According to what I know, G80/G92 architecture has 8192 registers. Visual profiler tells me my kernel uses 81 registers.
81*96 < 8192
Yet I get the dreaded “too many resources for launch” error when running 96 threads instead of 64. Even when limiting the registers to 72, I get the same error. I don’t understand why.
Shared memory is not an issue (using 24 bytes static shared memory only).
Grid dim is something in the order of (1000,1,1)
block dim is (96, 1, 1)
This is bizarre. I want to achieve better occupancy, but can’t have it.
Repro attached, I cut all the comments (except the copyright notice) and moved all code into a single .cu file.
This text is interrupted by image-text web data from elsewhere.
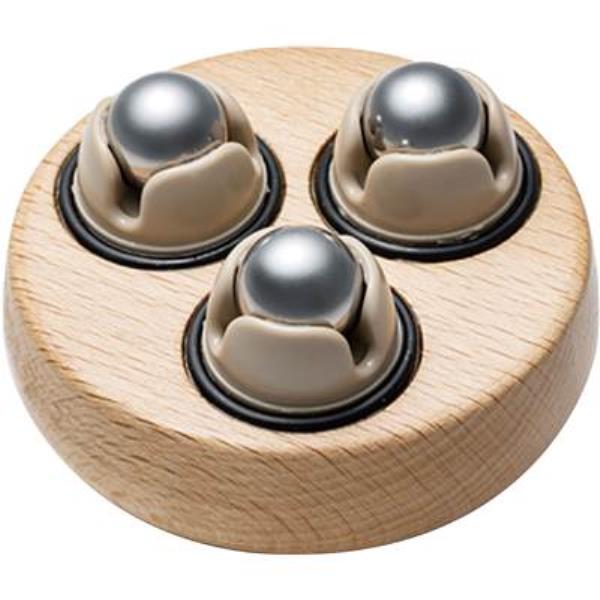 ハタチ RW リセットローラー TRIPLE セルフケア用品 NH3761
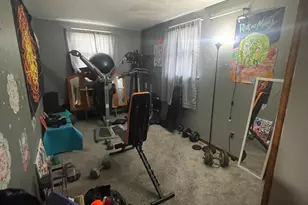 12123 Rambler Rd, Philadelphia, PA 19154 - Photo 15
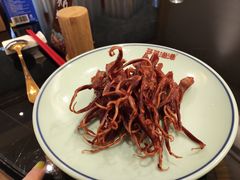 -云天楼国鼎喜宴中心(国鼎店)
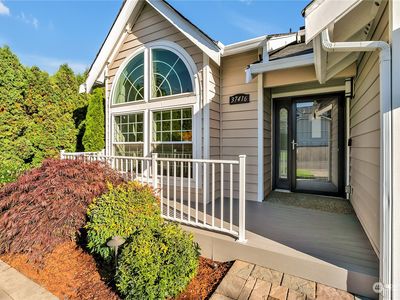37416 18th Avenue S, Federal Way, WA, 98003
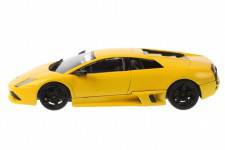 LAMBORGHINI Murcielago LP640 - 2006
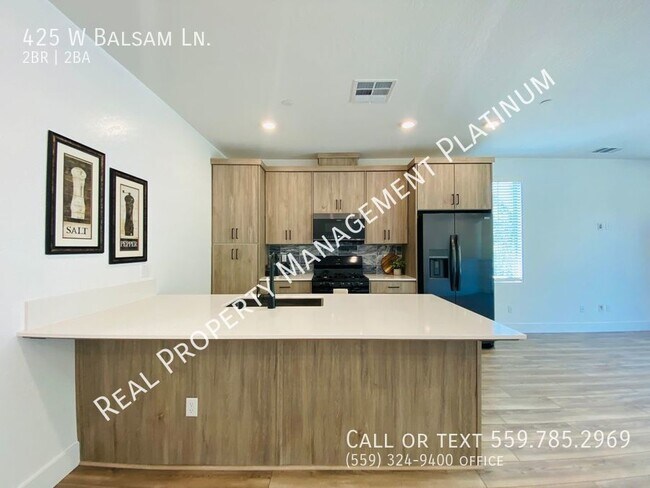 Building Photo - $2,150 Beautiful Brand New Lennar Condo wi...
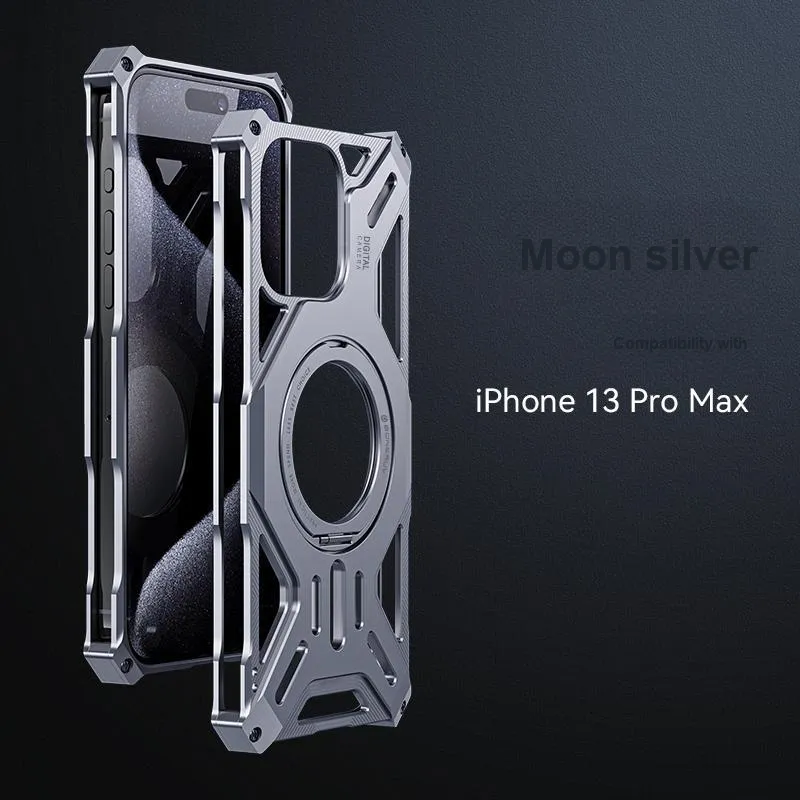 ZHUOJI Phone Cases-3
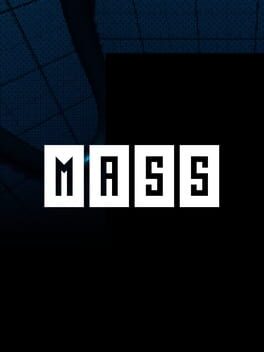 Mass Cover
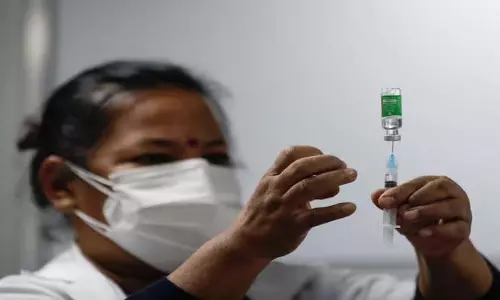 USFDA के नियमों में ढील के बाद भारतीय फार्मा कंपनियों की नज़र US बायोसिमिलर्स में तेज़ी पर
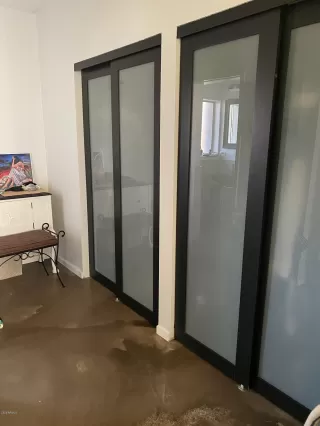 Photo #6: 6335242 Listing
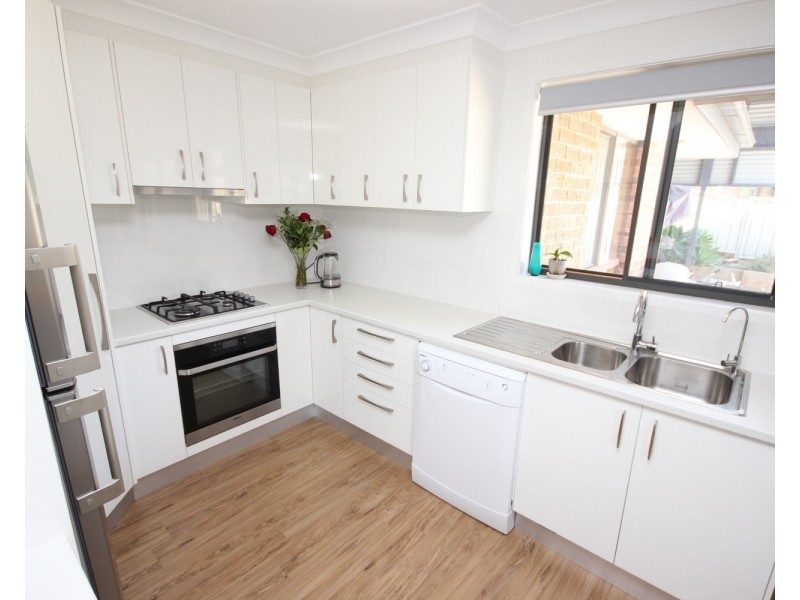 4 Gleneon Drive, Forster NSW 2428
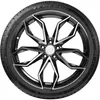 Tracmax Winterreifen motorcycle-tyres X-Privilo S360 ( Produktbild-Vorschau 3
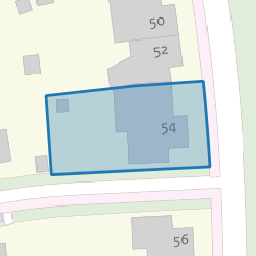 Perceel HTN02-D-1733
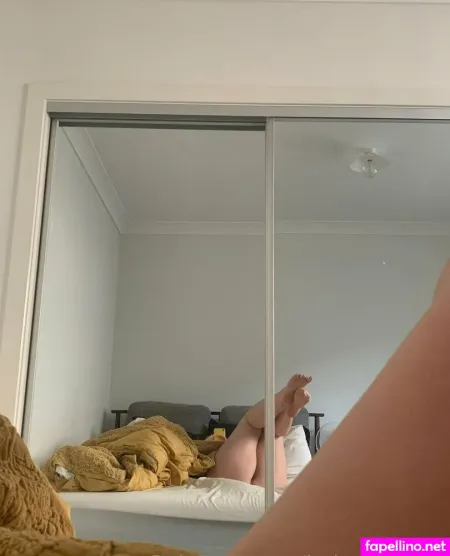 Jade Zacarias OnlyFans Thumbnail #TO0aGXgTrm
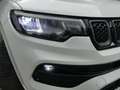 Jeep Compass 1.5 S Mild-Hybrid FWD ACC/19ZOLL/360°KAM Weiß - thumbnail 24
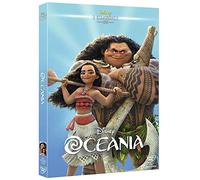 Oceania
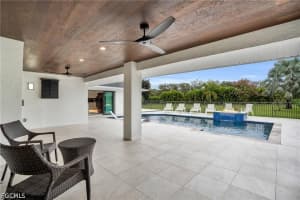 1919 Countess Court, Naples, FL 34110 - MLS#2026019683
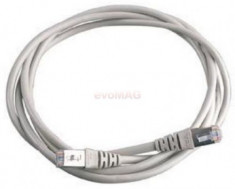 Patch cord FTP CAT6 1m foto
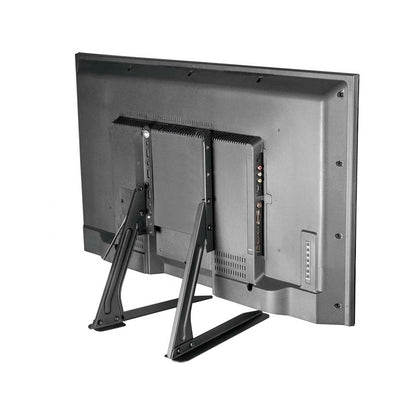 Fersay - TV Support 23'' to 70''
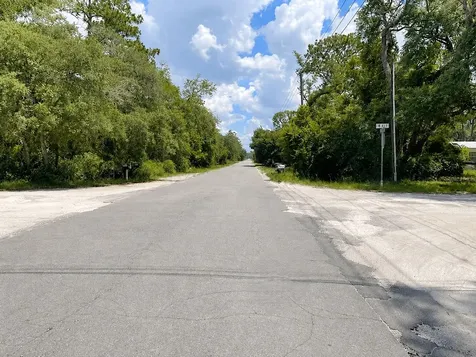 Tbd Dunnellon FL 34432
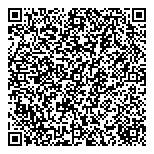 QR код "АвтоТехСнаб"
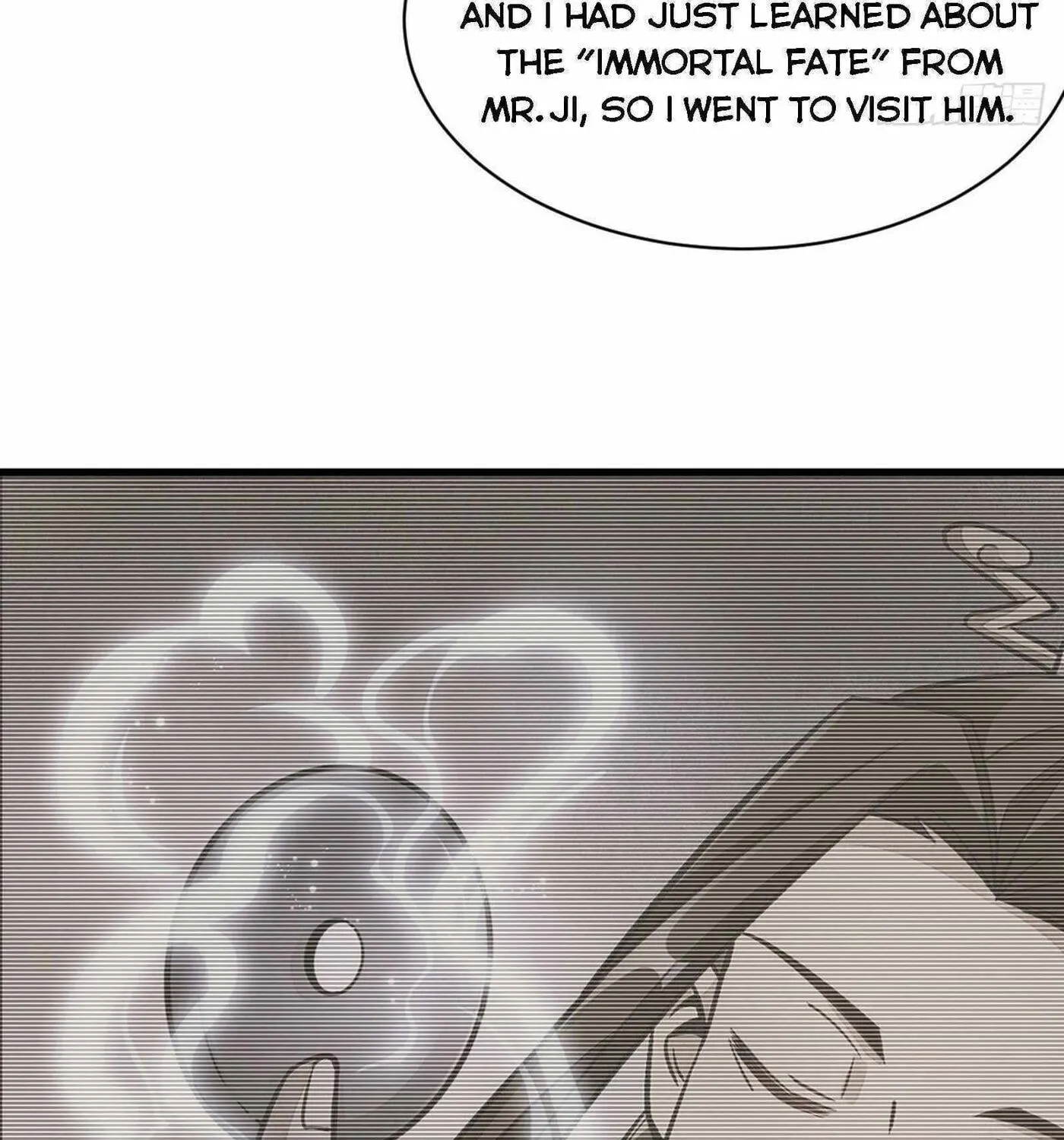 Read ChronoGo chapter 43 image 55 on Lezhin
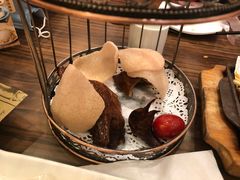 -避风塘(江桥万达店)
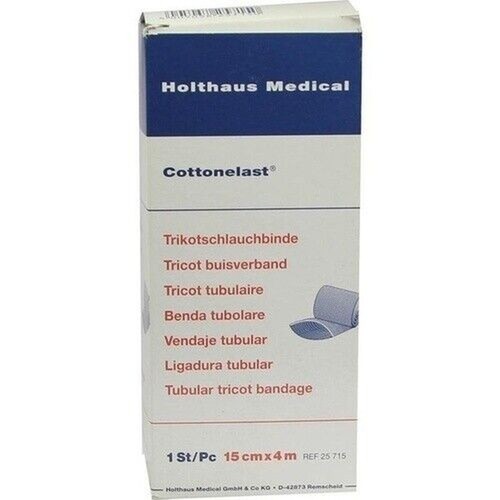Trikotschlauch binde cmx4 - trikotschlauch,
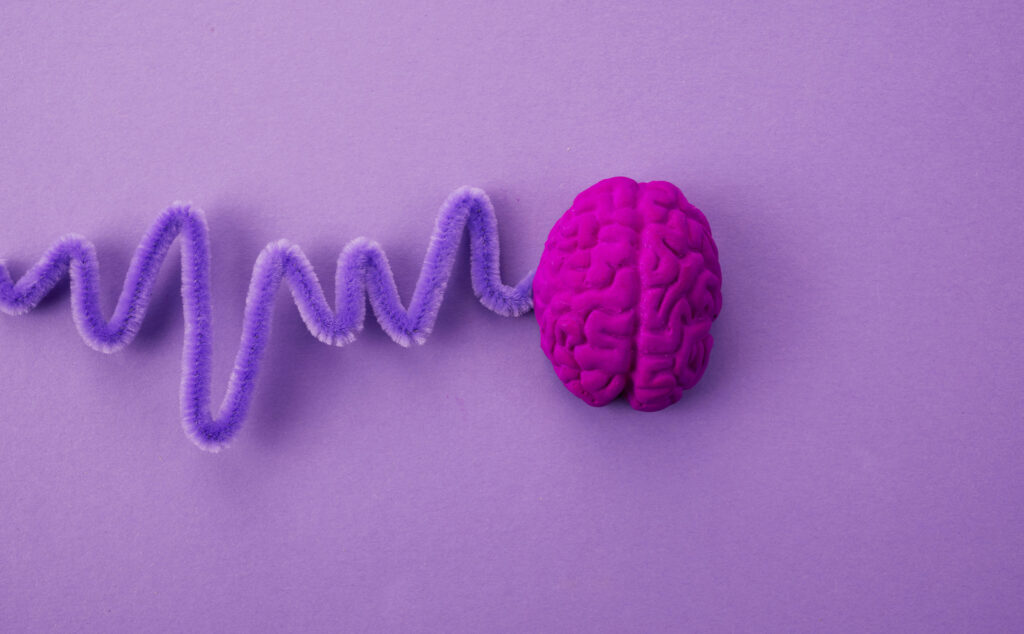 Epilepsia 1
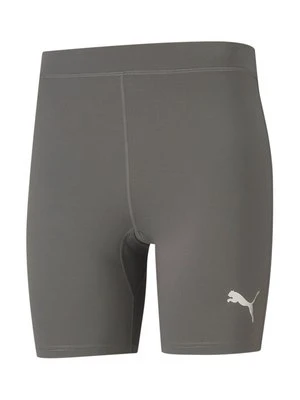Bokserki z krótkimi nogawkami Puma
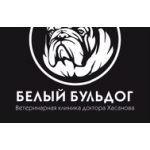 Отрицательный отзыв БЕЛЫЙ БУЛЬДОГ ветклиника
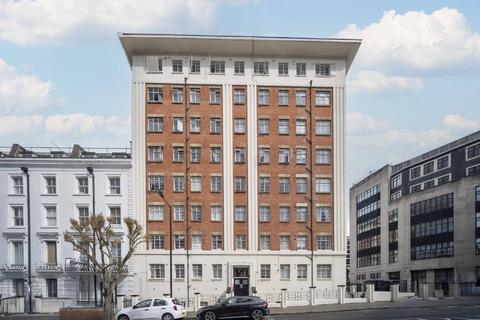 1 bedroom flat for sale, Westbourne Court, Paddington, London, W2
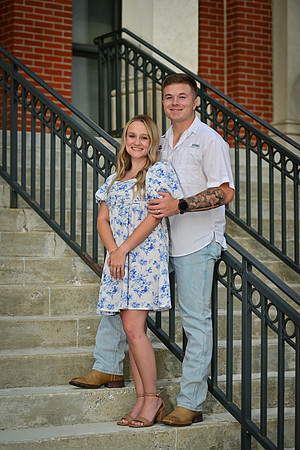 06.06.26 Baleigh & Seth-6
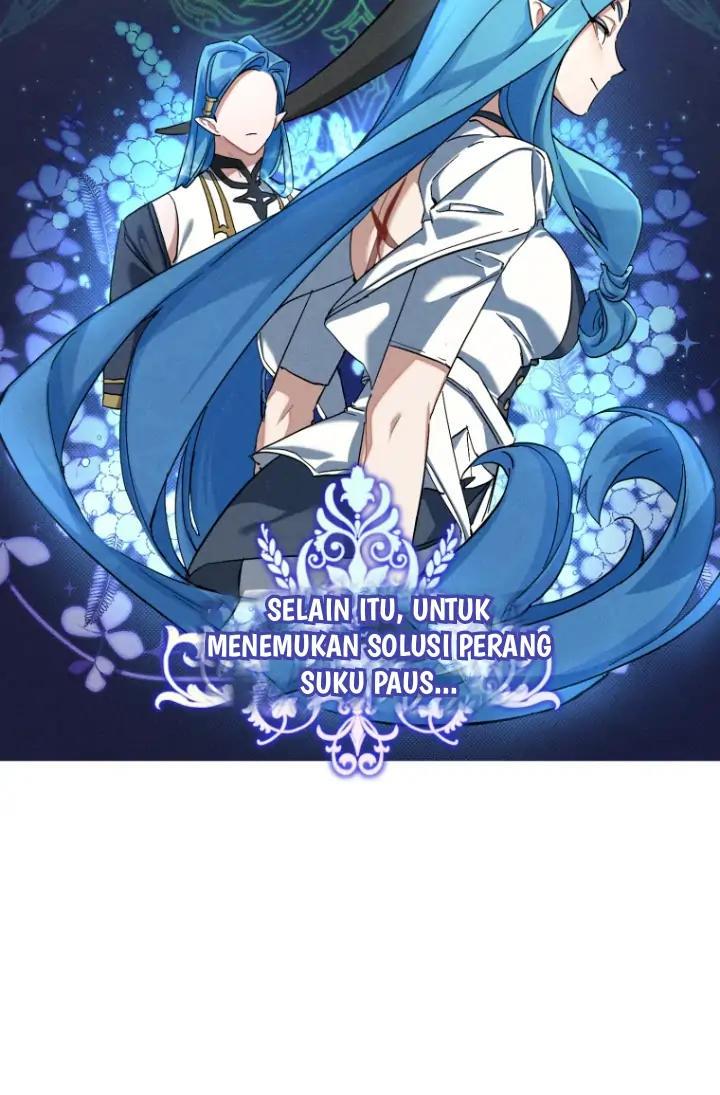 Trash of the Count’s Family Chap 84 - Next Chap 85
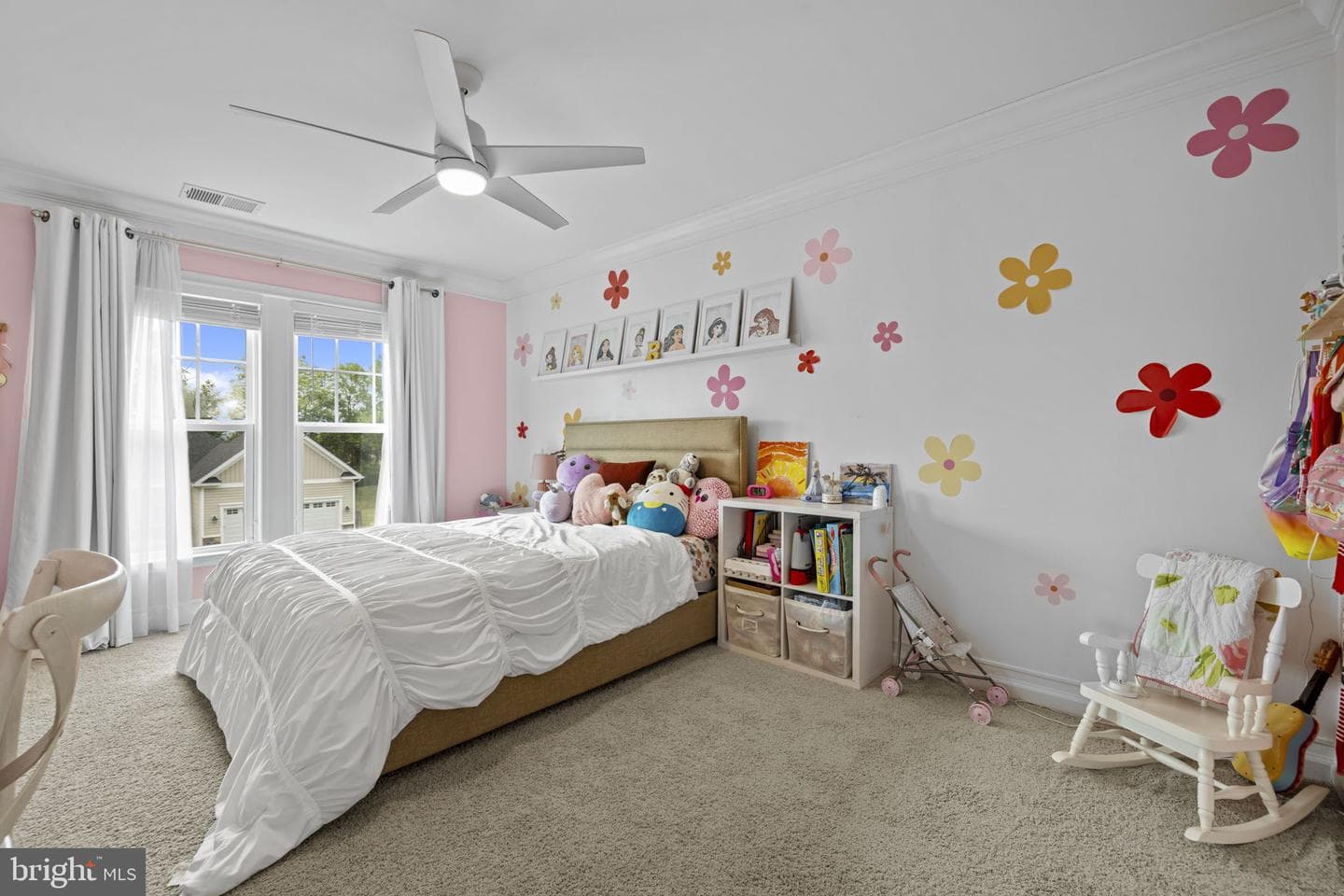 18 Graywood Lane photo 65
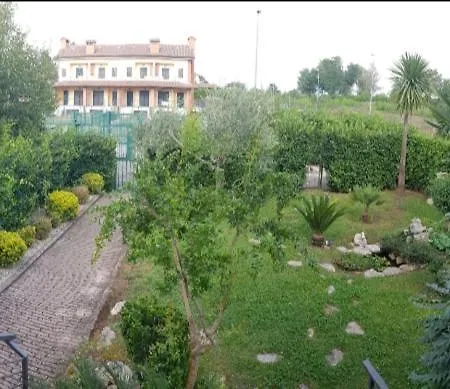 Casa Dolce Casa Villa *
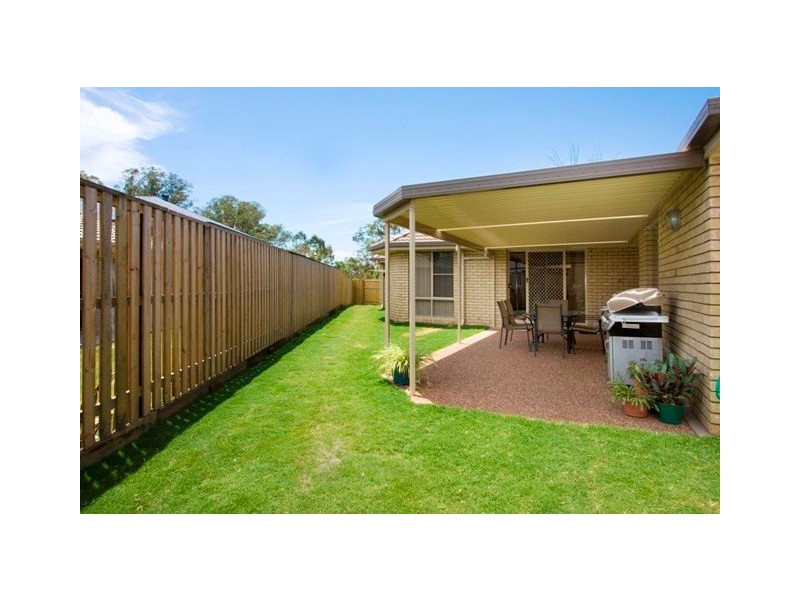 85 Laurel Street, Heathwood QLD 4110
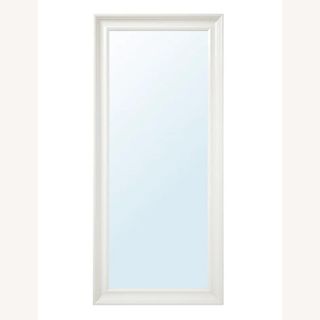 （分類：）位於 。 由 ka_kan 提交（商品編號 1437100696，圖片 1）。簡介： 。
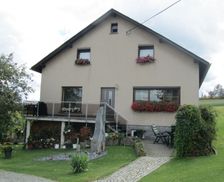 Germany Vogtland Eichigt vacation rental compare prices direct by owner 4940086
Visual C++ project for SDK 2.2.1 included, tested with Toolkit 2.3 on Vista 32 bit. If you don’t use the project file, be sure to compile with --maxrregcount=256 to prevent it from spilling registers to local memory.
To reproduce the problem, increase STACKHEIGHT define from 64 to 96 and see it fail. Shoot me if I missed something really obvious.
part of .cubin reproduced to verify that it uses 81 registers really.
the SDK is a misnomer–what we call the SDK is a bunch of code samples, cutil is not production quality software. you really should not use it. the toolkit is what people would generally consider the software development kit, and everything contained therein is production quality software. (don’t ask me why the naming works this way)
yeah, occupancy calculator gets this right (I assumed you had looked at that first and that there was a discrepancy). basically, it’s a lot more involved than just (regs per thread * threads per block) < registers.